**Task goal**
Write out the listing from the line with "With 6 Wave" to the line with "June Rose Birth", both lines included, exactly and nothing beyond. Leave pictures out.

**Data to use**
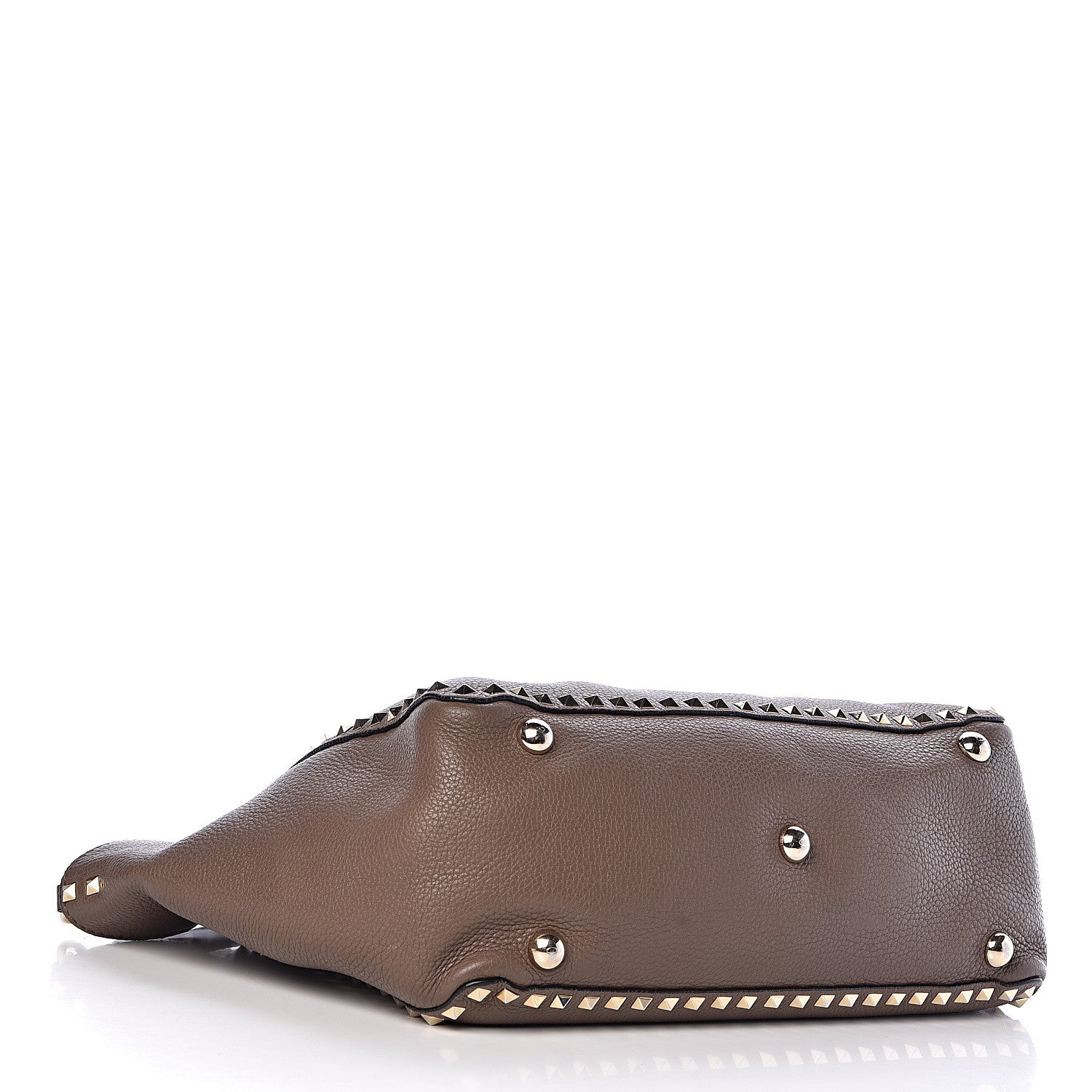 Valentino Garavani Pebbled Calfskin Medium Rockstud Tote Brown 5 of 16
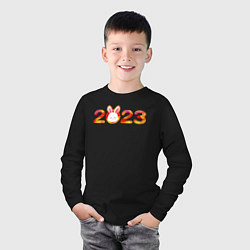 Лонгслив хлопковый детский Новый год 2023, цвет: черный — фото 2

...

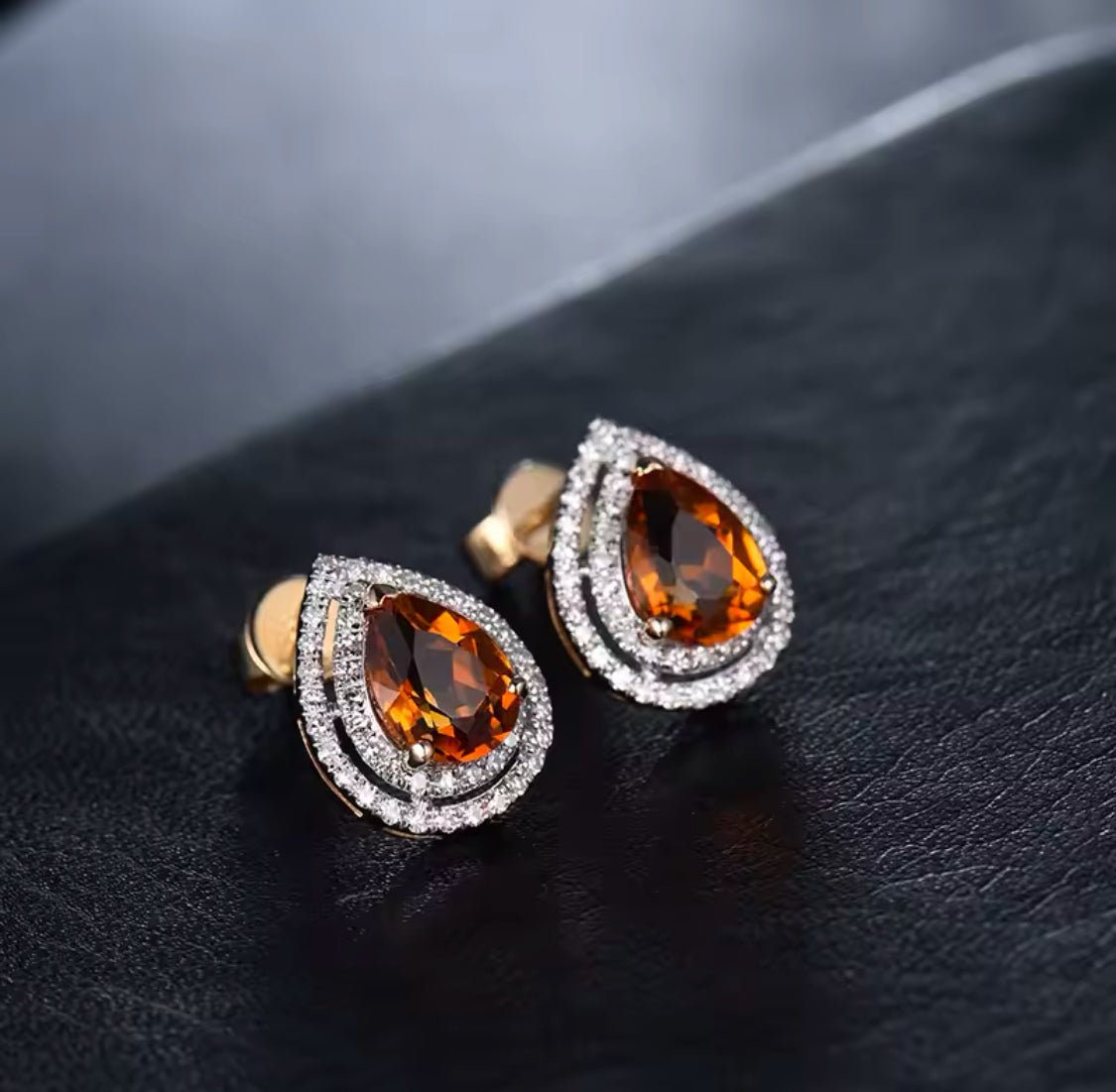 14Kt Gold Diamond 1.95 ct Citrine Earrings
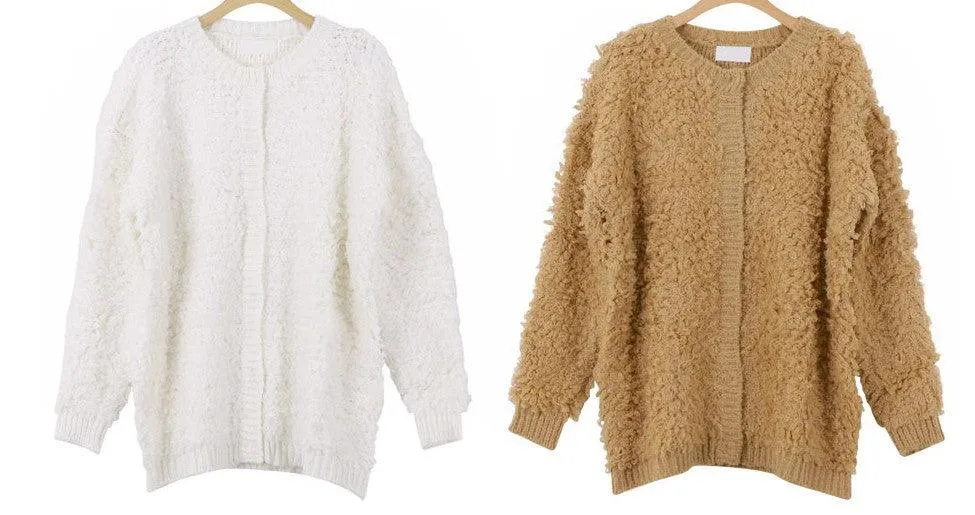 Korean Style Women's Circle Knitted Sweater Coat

* * *

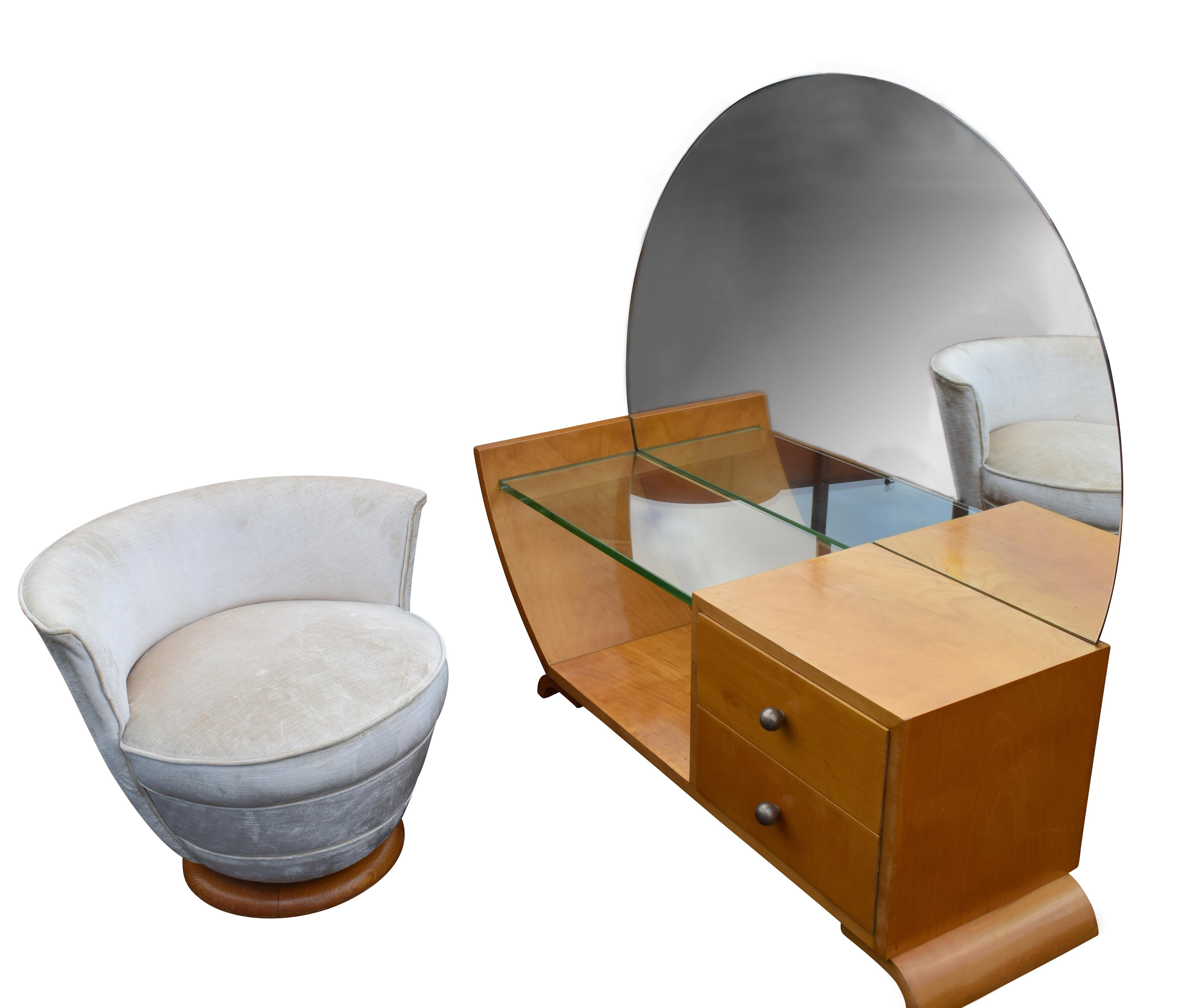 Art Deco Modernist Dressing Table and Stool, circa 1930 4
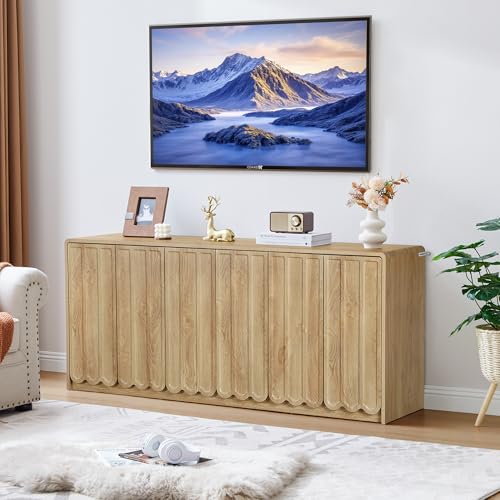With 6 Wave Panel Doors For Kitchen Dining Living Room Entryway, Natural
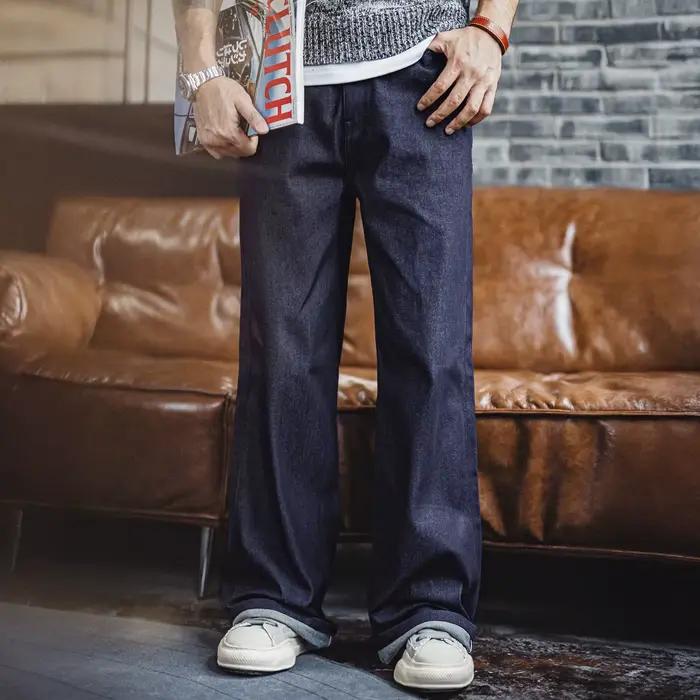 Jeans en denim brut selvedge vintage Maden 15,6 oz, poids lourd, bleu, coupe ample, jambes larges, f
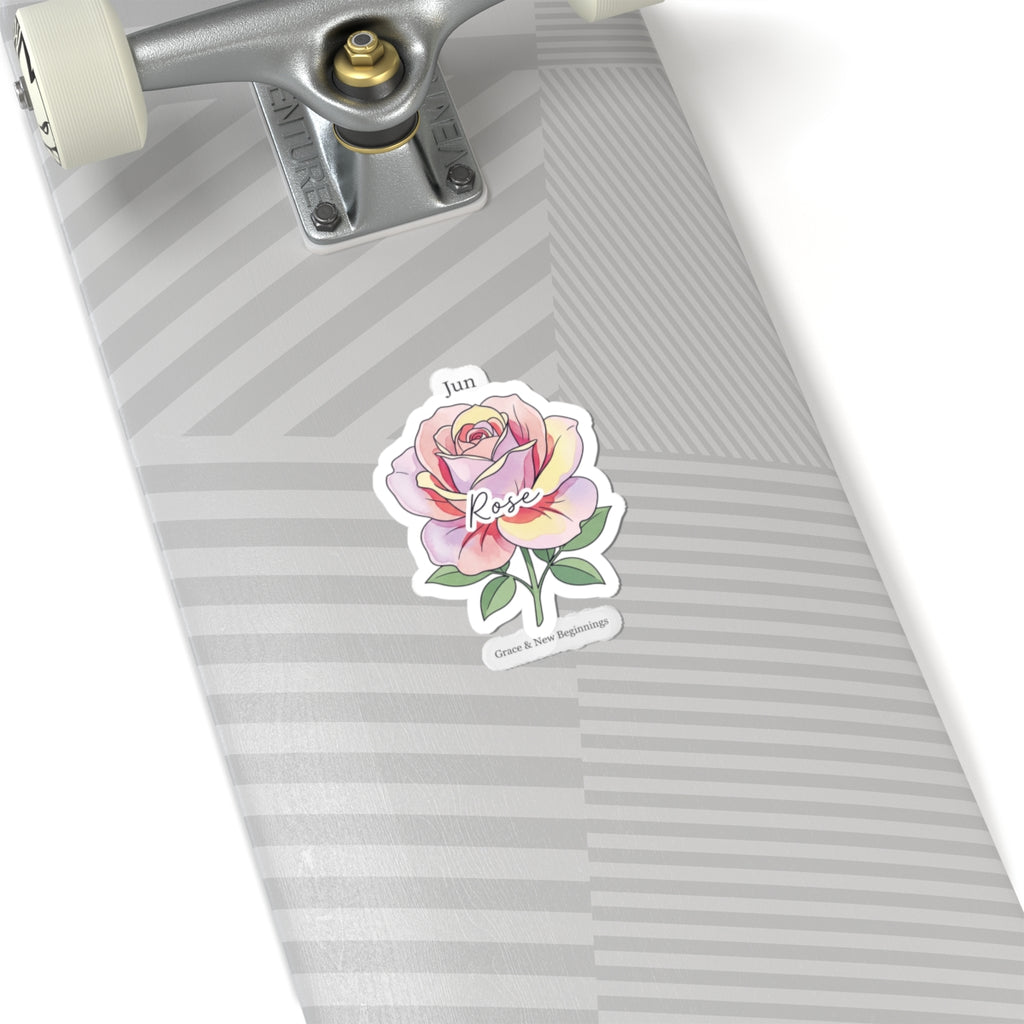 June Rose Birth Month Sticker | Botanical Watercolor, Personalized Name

**Task solution**
With 6 Wave Panel Doors For Kitchen Dining Living Room Entryway, Natural
 Jeans en denim brut selvedge vintage Maden 15,6 oz, poids lourd, bleu, coupe ample, jambes larges, f
 June Rose Birth Month Sticker | Botanical Watercolor, Personalized Name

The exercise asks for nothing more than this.